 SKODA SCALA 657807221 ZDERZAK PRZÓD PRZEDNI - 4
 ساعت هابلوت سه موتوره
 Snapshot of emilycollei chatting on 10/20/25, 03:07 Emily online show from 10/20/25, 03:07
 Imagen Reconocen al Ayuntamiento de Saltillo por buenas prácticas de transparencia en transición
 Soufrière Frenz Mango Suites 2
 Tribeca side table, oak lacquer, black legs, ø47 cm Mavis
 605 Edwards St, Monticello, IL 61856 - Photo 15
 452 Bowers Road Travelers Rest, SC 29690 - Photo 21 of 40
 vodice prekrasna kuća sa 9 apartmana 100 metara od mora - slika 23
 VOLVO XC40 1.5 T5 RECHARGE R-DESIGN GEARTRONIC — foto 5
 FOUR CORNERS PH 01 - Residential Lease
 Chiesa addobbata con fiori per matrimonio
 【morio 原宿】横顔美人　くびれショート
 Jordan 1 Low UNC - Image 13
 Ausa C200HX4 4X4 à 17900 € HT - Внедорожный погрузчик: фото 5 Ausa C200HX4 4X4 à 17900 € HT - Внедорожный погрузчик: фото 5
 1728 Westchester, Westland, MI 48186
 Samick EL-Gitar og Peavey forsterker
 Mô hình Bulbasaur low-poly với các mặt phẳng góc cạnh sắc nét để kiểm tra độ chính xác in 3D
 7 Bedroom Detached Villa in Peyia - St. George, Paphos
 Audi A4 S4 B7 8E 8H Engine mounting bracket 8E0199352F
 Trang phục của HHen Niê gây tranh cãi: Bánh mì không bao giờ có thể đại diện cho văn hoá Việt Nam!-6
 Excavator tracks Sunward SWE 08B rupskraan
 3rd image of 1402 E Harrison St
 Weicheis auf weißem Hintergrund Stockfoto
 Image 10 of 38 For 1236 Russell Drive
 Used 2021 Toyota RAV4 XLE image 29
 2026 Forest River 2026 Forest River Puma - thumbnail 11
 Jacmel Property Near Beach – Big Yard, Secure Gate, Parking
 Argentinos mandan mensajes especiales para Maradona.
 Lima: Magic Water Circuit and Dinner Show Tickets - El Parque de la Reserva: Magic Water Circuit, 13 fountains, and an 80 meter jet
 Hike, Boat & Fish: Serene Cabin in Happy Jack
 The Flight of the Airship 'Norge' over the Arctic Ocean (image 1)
####
Reproduce, character for character, only the lines of the preceding data that start at the line with "605 Edwards St, Monticello, IL" and end at the line with "7 Bedroom Detached", both included.

Task result:
 605 Edwards St, Monticello, IL 61856 - Photo 15
 452 Bowers Road Travelers Rest, SC 29690 - Photo 21 of 40
 vodice prekrasna kuća sa 9 apartmana 100 metara od mora - slika 23
 VOLVO XC40 1.5 T5 RECHARGE R-DESIGN GEARTRONIC — foto 5
 FOUR CORNERS PH 01 - Residential Lease
 Chiesa addobbata con fiori per matrimonio
 【morio 原宿】横顔美人　くびれショート
 Jordan 1 Low UNC - Image 13
 Ausa C200HX4 4X4 à 17900 € HT - Внедорожный погрузчик: фото 5 Ausa C200HX4 4X4 à 17900 € HT - Внедорожный погрузчик: фото 5
 1728 Westchester, Westland, MI 48186
 Samick EL-Gitar og Peavey forsterker
 Mô hình Bulbasaur low-poly với các mặt phẳng góc cạnh sắc nét để kiểm tra độ chính xác in 3D
 7 Bedroom Detached Villa in Peyia - St. George, Paphos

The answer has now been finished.